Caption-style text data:
Start of Block
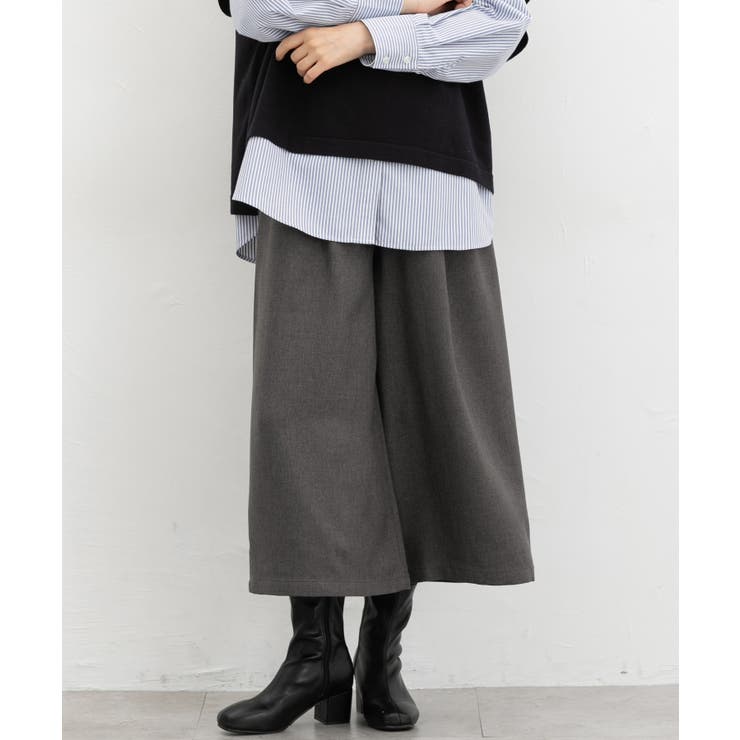 ボトムス パンツ ガウチョ | Honeys | 詳細画像5 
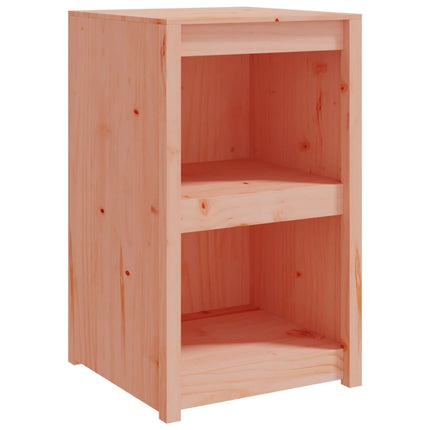 Köksskåp för utomhusbruk MEPPEL 55x55x92 cm douglasträ
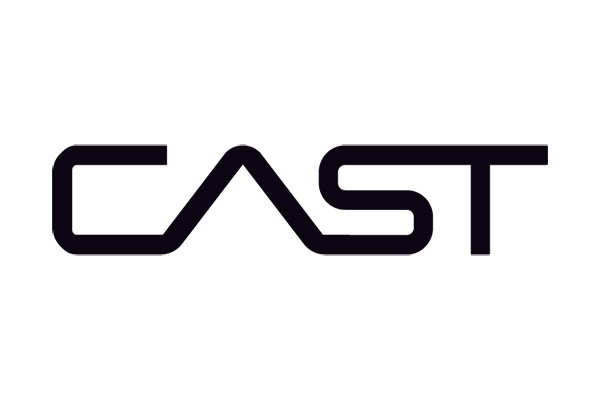 Black AWS Events logo on a white background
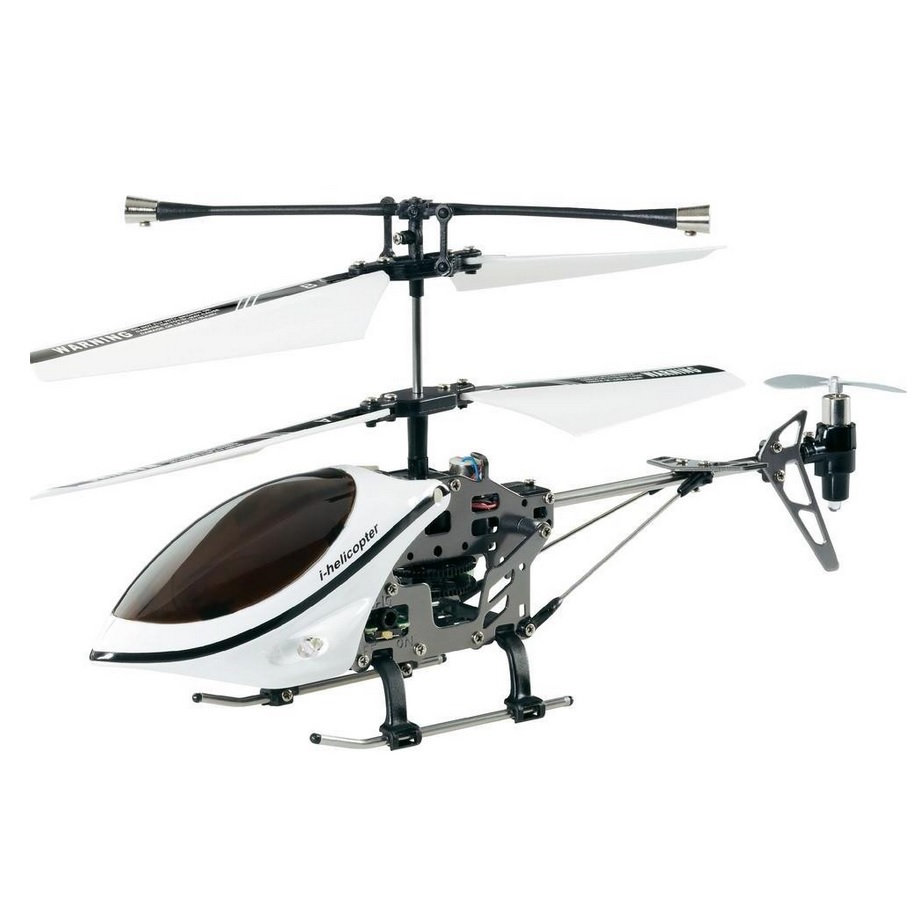 iHelicopter Lightspeed Mainan  RC Helikopter  White 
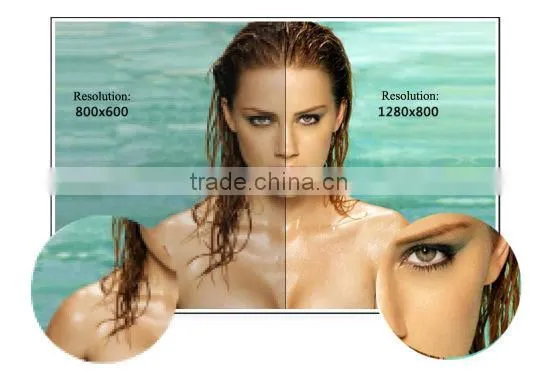 Video 3D Android 4.2 pocket Smart projector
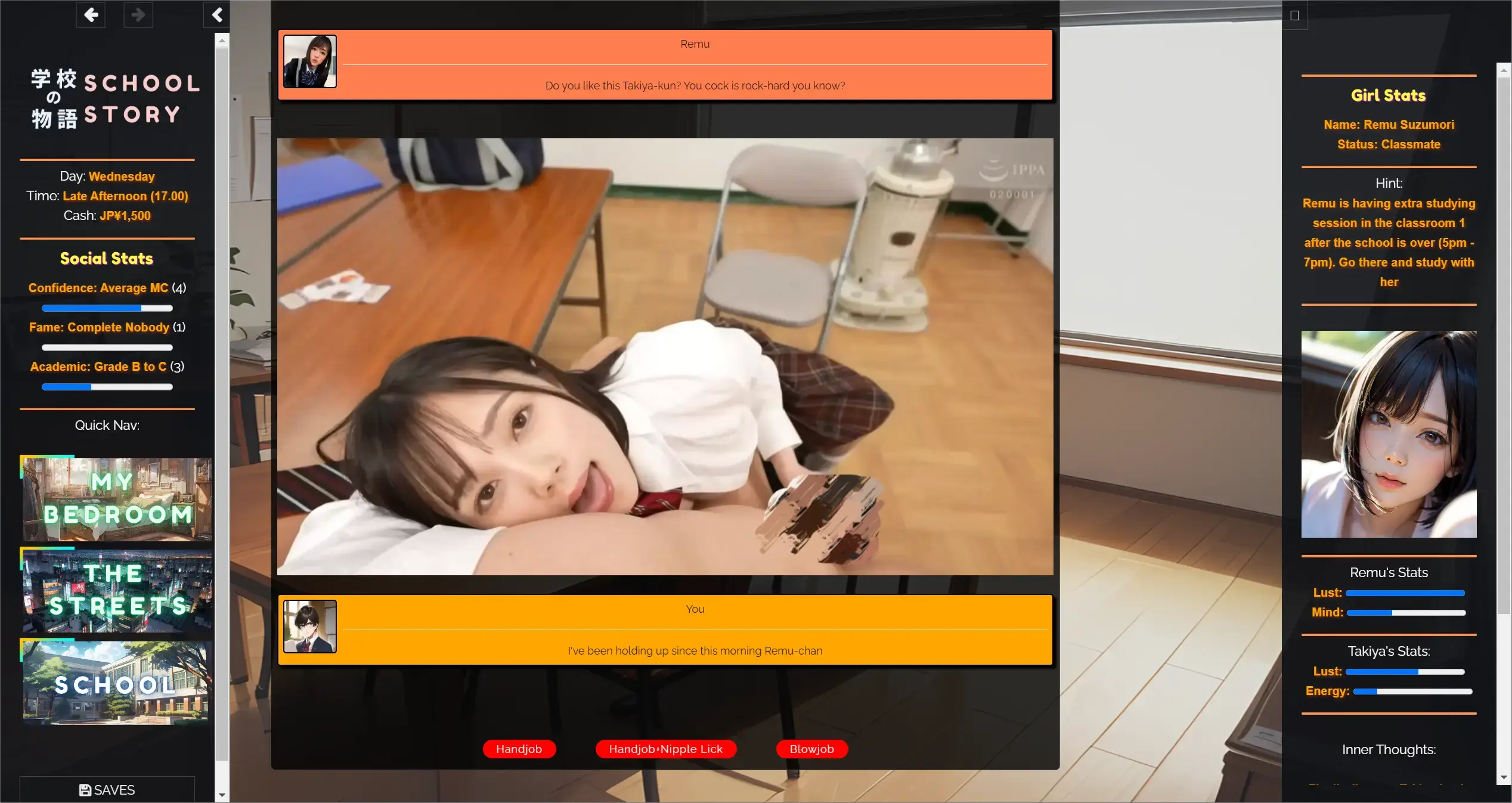 图片[4]-[HTML/真人/浏览器翻译]学校の物语/Gakko No Monogatari[Ver0.17][11.70G]-小陌资源库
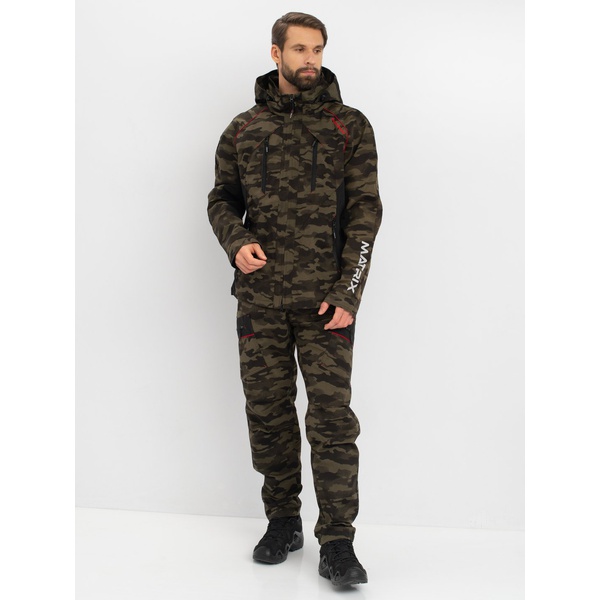 Костюм Huntsman Матрица КМФ Djin рип-стоп, тк. Nylon Cotton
End of Block
## Task instructions
In repeating the entries, exclude the pictures and alter nothing else.

## Task solution
 ボトムス パンツ ガウチョ | Honeys | 詳細画像5 
 Köksskåp för utomhusbruk MEPPEL 55x55x92 cm douglasträ
 Black AWS Events logo on a white background
 iHelicopter Lightspeed Mainan  RC Helikopter  White 
 Video 3D Android 4.2 pocket Smart projector
 图片[4]-[HTML/真人/浏览器翻译]学校の物语/Gakko No Monogatari[Ver0.17][11.70G]-小陌资源库
 Костюм Huntsman Матрица КМФ Djin рип-стоп, тк. Nylon Cotton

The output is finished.